To make espresso coffee at home is possible only in a special espresso machine, which can now be bought at any household appliance store. All other recipes that offer to brew such coffee in Turk, in fact, make it possible to get coffee with foam, but not espresso.

Specialized coffee machines are carob, carob with automatic dispenser and automatic. You need to cook in them in different ways.

espresso coffee at home

In a carob, you yourself pour 7-9 g of freshly ground coffee,
press the tamper, press the preparation button and make sure that 30 ml of the drink is poured into the cup for 25-30 seconds, then turn off the machine and quickly drink the drink until the foam tickles and melts on the tongue.

If you are not a big connoisseur of espresso, and you have less money than you would like, get a carob coffee machine with an automatic water dispenser . This device will save you from the last difficult manipulation - timely blocking the access of the drink to the cup. Everything else will still have to do yourself.

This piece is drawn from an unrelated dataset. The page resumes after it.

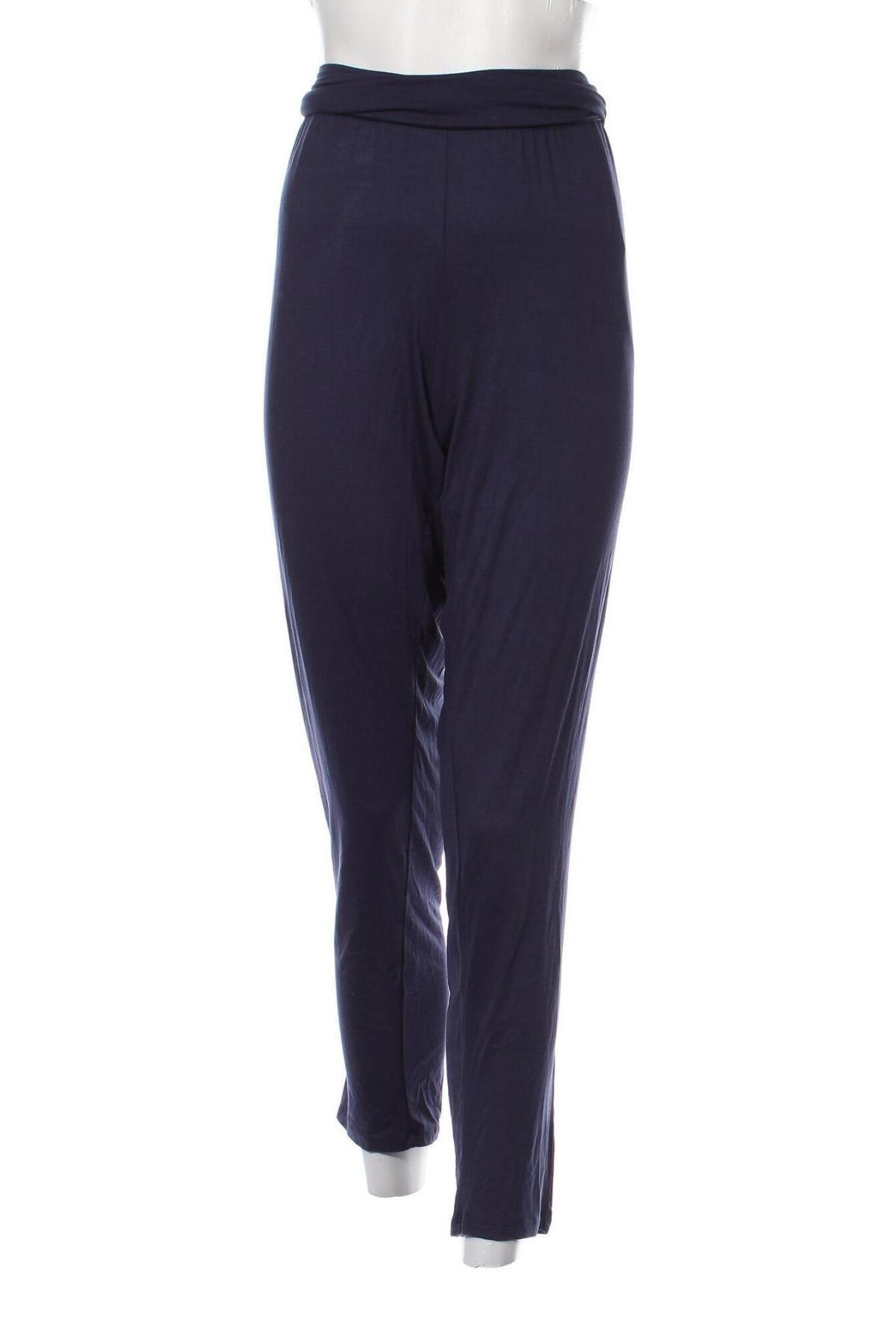 Γυναικείο παντελόνι Tom Tailor, Μέγεθος XXL, Χρώμα Μπλέ, Τιμή 34,69 €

If time is running out, and finances allow, or you are generally a fan of the automation of any manual labor, then your choice is a machine that will do everything itself. You will only need to pour the grains into it, and it will grind them, and take the right amount, and compress, and pour it into the cup. It will also signal to you that everything is ready, you can drink. By the way, if you set a timer on such a device, it will turn on by itself - that’s where the progress has come.

In our country, this kind of fragrant drink came in the early nineties of the twentieth century. Then in restaurants for the first time appeared “espresso coffee”. "What it is?" - compatriots were surprised, not spoiled by foreign trips to Europe. Now this drink can be ordered in any cafe and even made at home.